• [Exercise data]
╔══

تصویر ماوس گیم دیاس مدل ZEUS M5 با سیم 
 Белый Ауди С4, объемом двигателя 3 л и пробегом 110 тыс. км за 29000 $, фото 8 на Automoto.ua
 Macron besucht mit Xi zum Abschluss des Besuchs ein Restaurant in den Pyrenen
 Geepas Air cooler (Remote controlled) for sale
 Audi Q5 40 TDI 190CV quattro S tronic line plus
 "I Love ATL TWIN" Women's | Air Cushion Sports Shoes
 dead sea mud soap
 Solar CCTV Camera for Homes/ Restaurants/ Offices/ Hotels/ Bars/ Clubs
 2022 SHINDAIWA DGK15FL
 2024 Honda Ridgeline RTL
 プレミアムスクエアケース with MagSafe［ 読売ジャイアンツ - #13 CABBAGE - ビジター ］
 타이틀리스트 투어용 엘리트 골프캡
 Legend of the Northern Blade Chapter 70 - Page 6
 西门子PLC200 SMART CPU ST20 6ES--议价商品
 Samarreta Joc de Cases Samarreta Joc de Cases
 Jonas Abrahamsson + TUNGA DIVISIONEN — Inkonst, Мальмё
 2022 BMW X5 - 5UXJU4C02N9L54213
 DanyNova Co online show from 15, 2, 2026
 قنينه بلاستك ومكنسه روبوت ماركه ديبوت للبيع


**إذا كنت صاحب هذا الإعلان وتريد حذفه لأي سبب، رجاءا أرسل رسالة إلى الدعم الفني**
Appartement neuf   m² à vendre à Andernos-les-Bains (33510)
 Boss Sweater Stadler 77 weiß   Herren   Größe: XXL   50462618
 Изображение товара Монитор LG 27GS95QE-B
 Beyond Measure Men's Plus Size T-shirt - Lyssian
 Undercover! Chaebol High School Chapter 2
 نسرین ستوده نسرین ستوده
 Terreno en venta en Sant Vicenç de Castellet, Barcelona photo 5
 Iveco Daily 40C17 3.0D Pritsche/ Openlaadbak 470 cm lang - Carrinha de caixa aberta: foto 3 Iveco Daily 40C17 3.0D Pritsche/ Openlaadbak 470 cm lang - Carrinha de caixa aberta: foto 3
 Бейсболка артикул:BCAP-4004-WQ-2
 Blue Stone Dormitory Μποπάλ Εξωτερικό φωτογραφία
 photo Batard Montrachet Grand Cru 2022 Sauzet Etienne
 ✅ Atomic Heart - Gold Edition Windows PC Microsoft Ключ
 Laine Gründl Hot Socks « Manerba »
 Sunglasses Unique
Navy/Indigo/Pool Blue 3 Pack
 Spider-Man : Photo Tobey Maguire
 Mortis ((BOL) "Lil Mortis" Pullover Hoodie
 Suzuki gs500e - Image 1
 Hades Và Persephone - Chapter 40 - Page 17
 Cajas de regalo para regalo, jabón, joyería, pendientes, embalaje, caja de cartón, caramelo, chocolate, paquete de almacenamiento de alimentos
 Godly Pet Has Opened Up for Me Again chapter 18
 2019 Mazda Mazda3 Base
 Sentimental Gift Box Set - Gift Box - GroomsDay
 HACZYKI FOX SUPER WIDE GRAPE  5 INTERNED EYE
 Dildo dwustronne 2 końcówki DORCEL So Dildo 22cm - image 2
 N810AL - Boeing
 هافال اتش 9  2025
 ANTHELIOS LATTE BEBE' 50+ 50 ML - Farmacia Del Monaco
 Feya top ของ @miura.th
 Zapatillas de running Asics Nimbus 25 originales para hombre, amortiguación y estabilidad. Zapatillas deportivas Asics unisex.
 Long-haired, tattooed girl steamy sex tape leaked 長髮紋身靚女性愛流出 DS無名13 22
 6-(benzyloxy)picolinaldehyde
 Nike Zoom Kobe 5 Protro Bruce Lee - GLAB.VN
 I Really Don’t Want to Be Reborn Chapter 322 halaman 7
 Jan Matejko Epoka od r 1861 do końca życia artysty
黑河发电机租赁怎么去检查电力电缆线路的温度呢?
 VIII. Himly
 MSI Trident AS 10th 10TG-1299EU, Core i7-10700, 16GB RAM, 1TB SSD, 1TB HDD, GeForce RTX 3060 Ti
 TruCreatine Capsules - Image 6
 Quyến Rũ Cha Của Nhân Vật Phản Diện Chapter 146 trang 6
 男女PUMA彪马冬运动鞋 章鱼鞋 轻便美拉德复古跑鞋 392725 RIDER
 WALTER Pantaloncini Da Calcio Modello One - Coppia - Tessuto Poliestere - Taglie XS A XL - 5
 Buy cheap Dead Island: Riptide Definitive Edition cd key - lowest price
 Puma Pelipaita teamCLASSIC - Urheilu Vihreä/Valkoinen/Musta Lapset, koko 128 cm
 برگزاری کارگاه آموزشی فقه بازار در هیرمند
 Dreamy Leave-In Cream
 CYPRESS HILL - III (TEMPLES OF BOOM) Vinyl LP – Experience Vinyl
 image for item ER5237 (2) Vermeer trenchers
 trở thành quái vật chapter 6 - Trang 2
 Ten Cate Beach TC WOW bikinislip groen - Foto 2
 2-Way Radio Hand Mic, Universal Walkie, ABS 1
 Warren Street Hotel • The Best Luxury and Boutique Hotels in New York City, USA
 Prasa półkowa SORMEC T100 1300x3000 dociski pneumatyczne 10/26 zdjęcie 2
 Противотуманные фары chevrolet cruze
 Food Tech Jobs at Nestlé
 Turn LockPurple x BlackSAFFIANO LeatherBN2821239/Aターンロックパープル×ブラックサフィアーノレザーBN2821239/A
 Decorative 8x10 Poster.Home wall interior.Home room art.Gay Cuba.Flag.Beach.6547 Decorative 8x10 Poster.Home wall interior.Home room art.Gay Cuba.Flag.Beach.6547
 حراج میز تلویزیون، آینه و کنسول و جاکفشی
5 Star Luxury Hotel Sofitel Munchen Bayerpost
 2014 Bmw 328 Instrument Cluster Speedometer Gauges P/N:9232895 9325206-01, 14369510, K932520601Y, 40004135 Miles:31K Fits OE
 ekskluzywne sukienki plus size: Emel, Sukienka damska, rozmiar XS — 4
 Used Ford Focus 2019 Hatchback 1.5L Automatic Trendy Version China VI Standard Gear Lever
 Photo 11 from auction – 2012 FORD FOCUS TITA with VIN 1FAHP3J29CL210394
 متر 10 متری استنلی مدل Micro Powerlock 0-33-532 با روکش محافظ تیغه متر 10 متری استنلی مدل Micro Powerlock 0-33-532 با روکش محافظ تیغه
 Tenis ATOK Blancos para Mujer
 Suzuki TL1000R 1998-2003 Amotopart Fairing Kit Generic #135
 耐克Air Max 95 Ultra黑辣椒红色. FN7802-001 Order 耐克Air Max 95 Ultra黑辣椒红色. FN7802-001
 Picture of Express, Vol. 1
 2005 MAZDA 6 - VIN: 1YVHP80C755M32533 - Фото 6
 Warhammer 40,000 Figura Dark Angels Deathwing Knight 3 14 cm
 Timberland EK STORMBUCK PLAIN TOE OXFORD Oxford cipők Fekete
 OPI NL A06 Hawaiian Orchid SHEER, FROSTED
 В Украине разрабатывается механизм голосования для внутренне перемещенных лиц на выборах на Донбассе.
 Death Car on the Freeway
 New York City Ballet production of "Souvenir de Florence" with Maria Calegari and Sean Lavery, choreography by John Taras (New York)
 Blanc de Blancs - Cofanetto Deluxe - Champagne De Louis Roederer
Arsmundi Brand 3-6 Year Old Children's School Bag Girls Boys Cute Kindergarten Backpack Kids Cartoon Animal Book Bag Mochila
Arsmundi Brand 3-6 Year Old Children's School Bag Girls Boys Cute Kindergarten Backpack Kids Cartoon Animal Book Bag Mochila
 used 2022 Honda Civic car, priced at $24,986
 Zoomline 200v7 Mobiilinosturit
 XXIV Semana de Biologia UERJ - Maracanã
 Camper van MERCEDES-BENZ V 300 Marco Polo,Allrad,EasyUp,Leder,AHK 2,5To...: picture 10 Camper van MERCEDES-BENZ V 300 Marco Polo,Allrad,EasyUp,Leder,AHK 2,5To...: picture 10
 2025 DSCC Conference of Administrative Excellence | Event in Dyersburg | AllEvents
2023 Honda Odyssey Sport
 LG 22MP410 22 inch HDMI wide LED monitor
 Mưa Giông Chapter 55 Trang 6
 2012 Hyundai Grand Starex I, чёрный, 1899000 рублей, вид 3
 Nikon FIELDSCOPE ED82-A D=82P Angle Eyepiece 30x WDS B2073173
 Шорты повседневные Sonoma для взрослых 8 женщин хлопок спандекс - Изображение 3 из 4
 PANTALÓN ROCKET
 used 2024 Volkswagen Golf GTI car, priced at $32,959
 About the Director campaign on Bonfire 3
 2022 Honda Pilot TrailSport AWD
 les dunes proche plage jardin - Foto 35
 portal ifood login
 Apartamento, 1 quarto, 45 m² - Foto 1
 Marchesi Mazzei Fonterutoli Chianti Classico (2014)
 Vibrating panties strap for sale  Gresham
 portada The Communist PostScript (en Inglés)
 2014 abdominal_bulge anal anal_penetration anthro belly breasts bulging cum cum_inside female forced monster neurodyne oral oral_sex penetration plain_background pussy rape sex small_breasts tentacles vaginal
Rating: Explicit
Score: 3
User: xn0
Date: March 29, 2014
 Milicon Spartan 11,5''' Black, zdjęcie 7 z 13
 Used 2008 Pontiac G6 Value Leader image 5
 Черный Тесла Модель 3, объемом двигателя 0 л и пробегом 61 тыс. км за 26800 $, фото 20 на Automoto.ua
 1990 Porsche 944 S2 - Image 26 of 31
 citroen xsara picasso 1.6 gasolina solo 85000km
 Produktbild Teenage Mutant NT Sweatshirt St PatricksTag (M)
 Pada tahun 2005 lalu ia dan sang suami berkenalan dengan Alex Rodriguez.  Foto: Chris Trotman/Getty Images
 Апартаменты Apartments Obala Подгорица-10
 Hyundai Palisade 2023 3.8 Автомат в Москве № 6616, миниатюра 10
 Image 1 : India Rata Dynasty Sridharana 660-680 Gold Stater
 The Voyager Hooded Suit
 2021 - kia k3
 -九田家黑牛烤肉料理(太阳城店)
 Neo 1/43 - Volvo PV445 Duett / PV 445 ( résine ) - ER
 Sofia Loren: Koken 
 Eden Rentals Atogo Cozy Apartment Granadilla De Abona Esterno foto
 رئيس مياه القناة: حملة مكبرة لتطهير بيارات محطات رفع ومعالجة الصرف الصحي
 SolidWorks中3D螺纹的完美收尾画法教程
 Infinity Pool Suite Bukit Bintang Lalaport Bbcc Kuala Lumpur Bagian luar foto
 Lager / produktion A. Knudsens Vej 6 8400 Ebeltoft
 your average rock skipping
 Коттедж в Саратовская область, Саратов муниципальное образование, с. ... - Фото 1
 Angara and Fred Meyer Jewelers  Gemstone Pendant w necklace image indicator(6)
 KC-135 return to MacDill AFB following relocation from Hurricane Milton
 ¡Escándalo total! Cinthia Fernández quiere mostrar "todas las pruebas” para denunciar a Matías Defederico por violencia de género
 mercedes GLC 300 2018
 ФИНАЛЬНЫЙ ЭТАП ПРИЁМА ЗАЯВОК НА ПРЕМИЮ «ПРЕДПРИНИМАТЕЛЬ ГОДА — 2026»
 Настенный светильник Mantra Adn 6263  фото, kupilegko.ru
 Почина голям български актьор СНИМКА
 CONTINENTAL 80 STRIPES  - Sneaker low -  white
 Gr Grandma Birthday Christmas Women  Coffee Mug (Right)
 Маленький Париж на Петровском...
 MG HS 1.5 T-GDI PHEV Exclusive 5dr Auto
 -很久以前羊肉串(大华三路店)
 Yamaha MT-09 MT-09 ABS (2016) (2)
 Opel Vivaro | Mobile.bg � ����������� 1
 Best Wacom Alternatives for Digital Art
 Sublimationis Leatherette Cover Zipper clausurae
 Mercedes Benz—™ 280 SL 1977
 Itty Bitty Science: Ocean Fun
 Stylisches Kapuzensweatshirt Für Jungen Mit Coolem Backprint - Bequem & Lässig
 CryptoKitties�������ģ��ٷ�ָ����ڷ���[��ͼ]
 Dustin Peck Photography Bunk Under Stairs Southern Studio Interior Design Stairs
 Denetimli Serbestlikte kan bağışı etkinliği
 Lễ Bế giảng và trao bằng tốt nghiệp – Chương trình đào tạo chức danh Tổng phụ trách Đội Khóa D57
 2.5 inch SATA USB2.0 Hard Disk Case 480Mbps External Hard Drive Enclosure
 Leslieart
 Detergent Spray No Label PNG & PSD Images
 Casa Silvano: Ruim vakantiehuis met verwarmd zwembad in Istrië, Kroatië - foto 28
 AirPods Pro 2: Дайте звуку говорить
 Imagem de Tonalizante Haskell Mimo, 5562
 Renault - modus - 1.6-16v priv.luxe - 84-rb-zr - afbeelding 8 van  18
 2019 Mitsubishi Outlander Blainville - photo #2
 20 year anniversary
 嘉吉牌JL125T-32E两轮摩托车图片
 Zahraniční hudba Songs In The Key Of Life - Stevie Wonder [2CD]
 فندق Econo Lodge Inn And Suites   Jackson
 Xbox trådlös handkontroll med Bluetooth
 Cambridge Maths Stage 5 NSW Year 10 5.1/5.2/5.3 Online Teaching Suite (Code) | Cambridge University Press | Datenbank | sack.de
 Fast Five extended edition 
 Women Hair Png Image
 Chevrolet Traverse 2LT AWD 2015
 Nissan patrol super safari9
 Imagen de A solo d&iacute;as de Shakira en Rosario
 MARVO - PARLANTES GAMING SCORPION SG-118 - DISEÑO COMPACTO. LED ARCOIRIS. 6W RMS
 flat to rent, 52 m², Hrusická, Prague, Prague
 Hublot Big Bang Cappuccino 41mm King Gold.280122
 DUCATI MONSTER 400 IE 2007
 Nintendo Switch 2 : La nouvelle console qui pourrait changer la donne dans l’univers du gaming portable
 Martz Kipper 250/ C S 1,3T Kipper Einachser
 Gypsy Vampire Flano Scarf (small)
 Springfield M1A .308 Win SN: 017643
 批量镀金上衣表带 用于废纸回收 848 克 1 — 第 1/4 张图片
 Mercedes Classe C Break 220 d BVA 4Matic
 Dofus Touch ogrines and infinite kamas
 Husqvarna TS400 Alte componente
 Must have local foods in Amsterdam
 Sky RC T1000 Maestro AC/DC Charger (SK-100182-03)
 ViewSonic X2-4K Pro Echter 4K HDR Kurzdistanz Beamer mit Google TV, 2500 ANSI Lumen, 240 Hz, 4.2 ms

╚══

• [Exercise brief] Determine how many lines of the listing hold the word "пробегом" and reply with that figure alone.

• [Task response] 2